## Material supplied
----
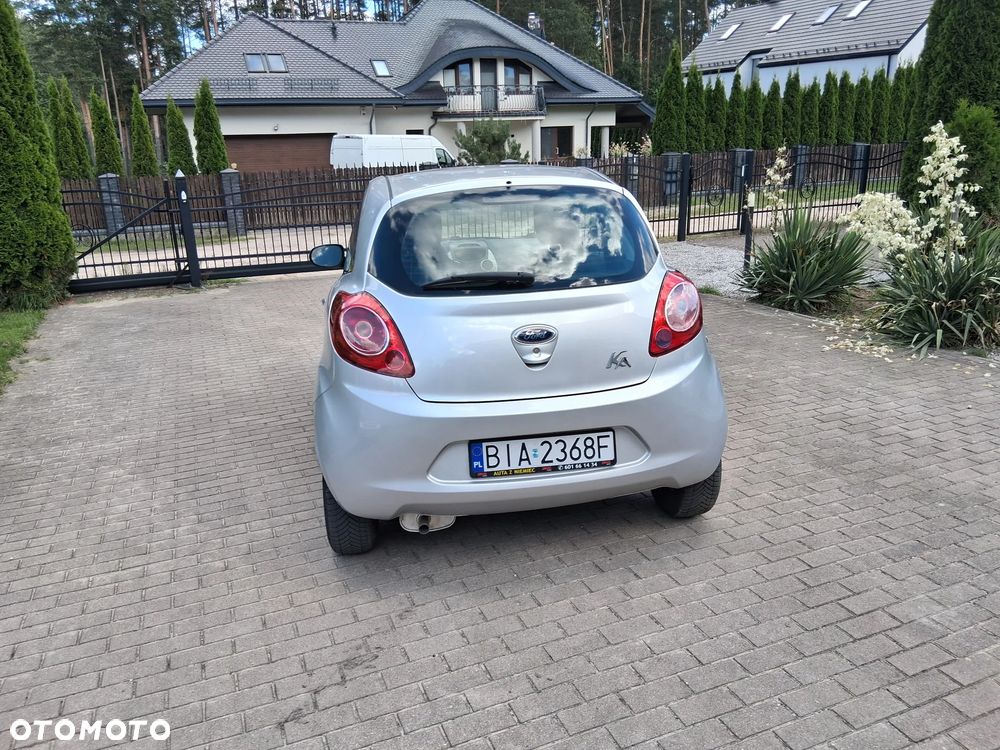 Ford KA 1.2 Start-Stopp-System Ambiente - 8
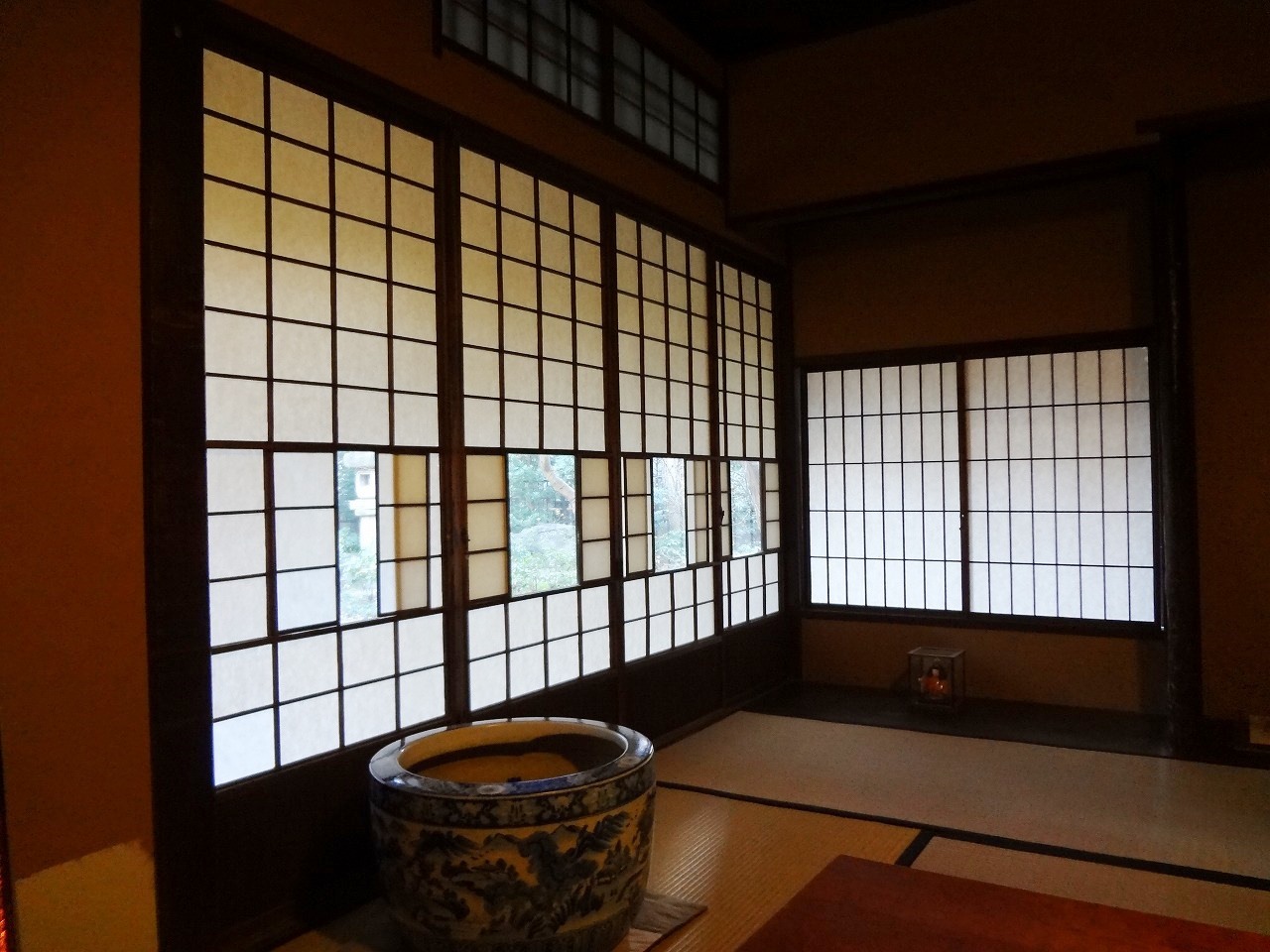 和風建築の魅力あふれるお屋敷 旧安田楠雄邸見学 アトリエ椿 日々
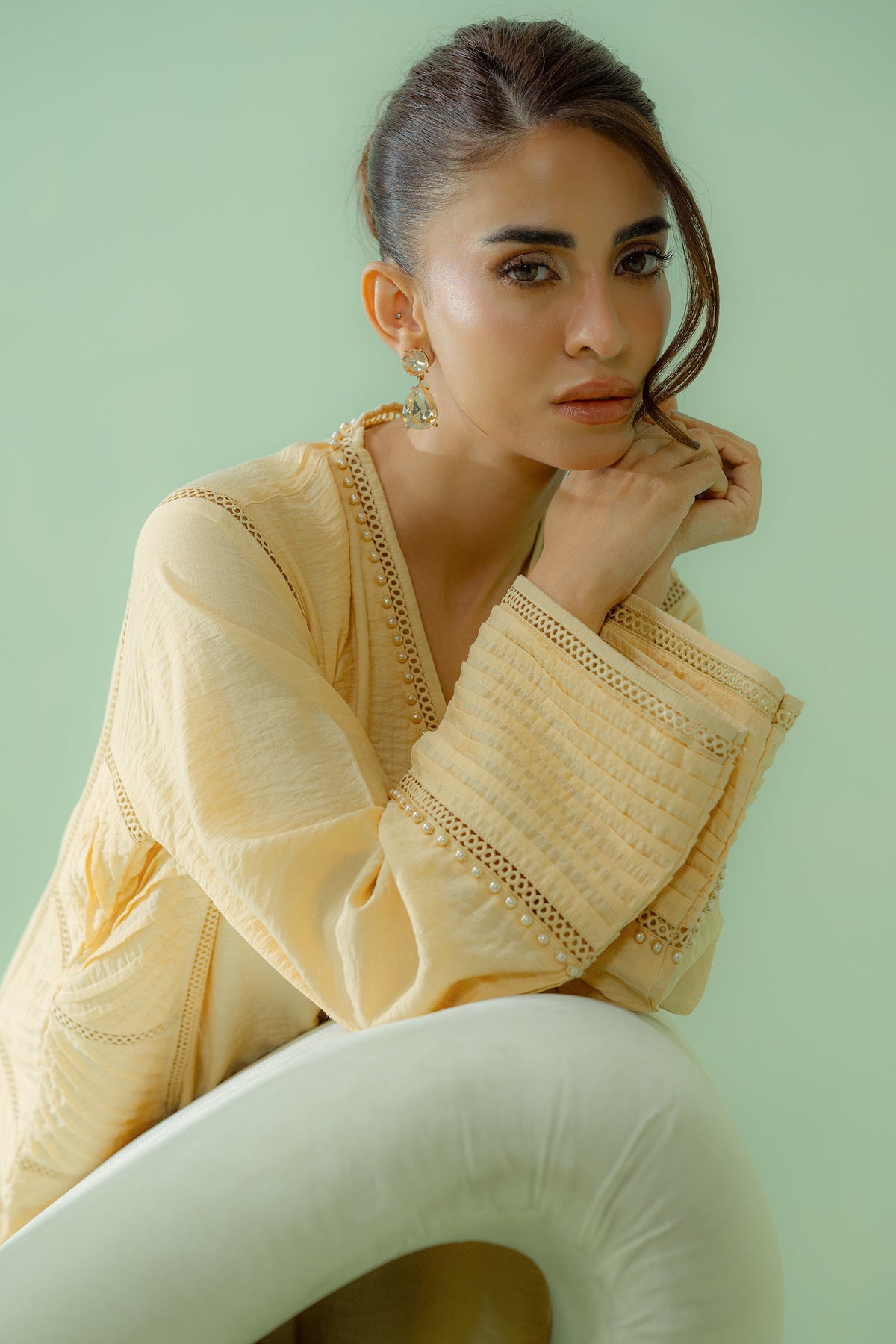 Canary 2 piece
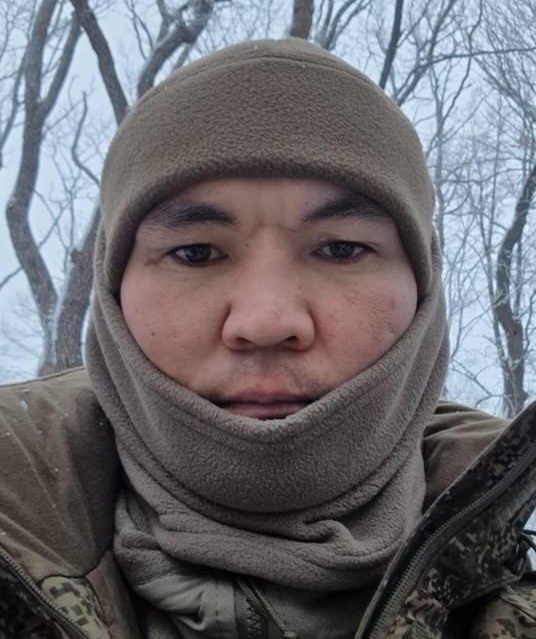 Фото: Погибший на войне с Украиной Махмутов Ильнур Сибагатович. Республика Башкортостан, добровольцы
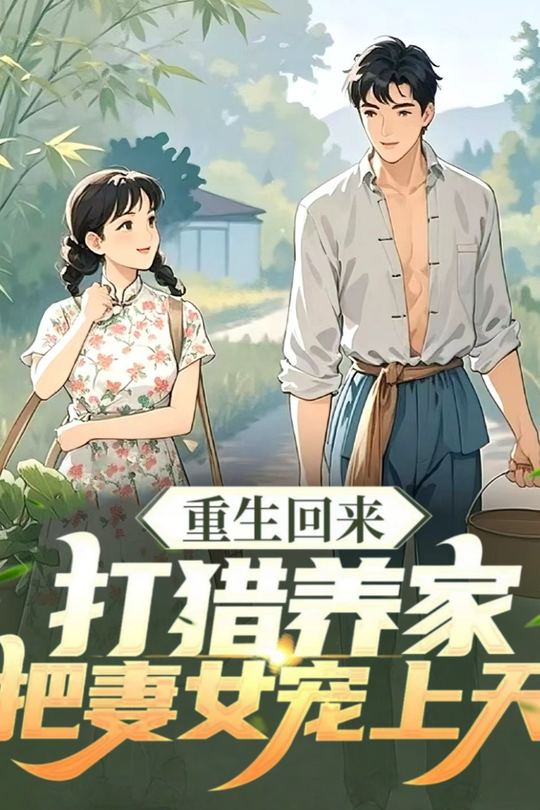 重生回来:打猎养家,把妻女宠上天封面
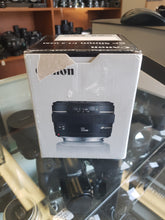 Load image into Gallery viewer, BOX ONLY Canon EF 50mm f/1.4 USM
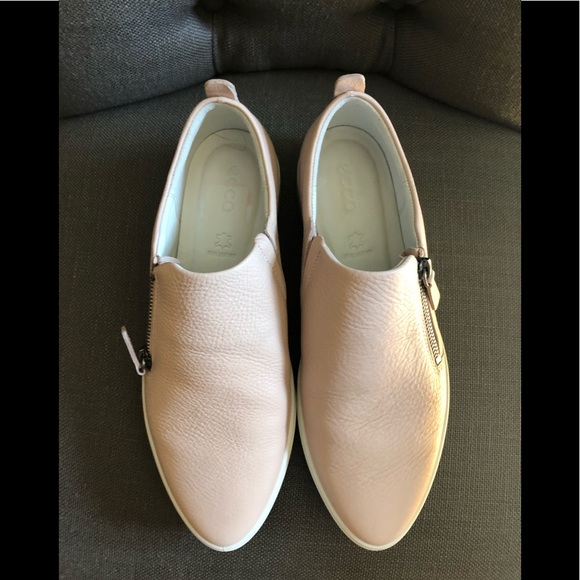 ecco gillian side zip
----
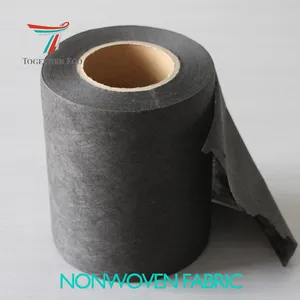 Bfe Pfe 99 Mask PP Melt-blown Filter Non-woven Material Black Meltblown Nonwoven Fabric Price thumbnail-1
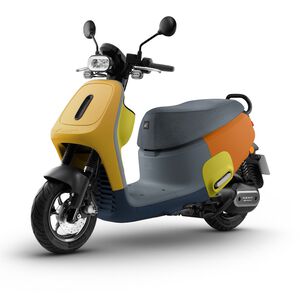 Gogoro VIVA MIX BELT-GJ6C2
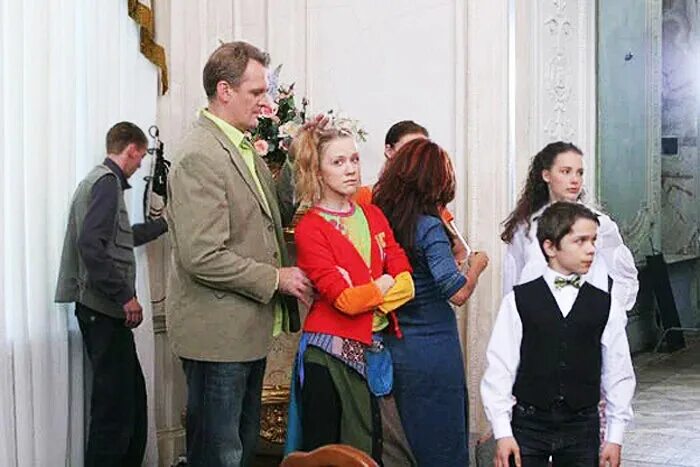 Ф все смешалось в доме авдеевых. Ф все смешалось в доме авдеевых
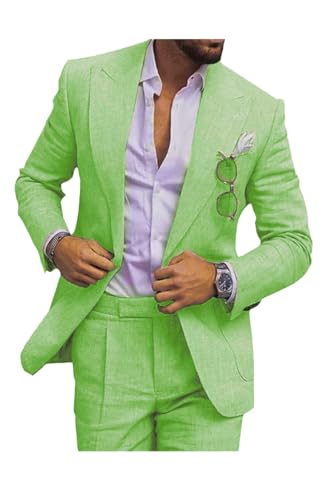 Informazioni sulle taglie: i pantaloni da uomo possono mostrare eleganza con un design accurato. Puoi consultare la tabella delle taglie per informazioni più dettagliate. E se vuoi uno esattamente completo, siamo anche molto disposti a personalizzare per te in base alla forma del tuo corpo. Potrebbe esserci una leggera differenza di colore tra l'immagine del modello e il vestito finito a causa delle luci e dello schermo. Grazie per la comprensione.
----
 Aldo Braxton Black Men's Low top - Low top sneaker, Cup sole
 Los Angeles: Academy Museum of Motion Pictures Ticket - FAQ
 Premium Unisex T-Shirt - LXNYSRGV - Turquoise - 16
----
## Instructions for the task
Whatever pictures the records hold, omit them; give again exactly the lines from the one containing "Ф все смешалось в доме авдеевых." through the one containing "Informazioni sulle taglie: i".

## Answer box
 Ф все смешалось в доме авдеевых. Ф все смешалось в доме авдеевых
 Informazioni sulle taglie: i pantaloni da uomo possono mostrare eleganza con un design accurato. Puoi consultare la tabella delle taglie per informazioni più dettagliate. E se vuoi uno esattamente completo, siamo anche molto disposti a personalizzare per te in base alla forma del tuo corpo. Potrebbe esserci una leggera differenza di colore tra l'immagine del modello e il vestito finito a causa delle luci e dello schermo. Grazie per la comprensione.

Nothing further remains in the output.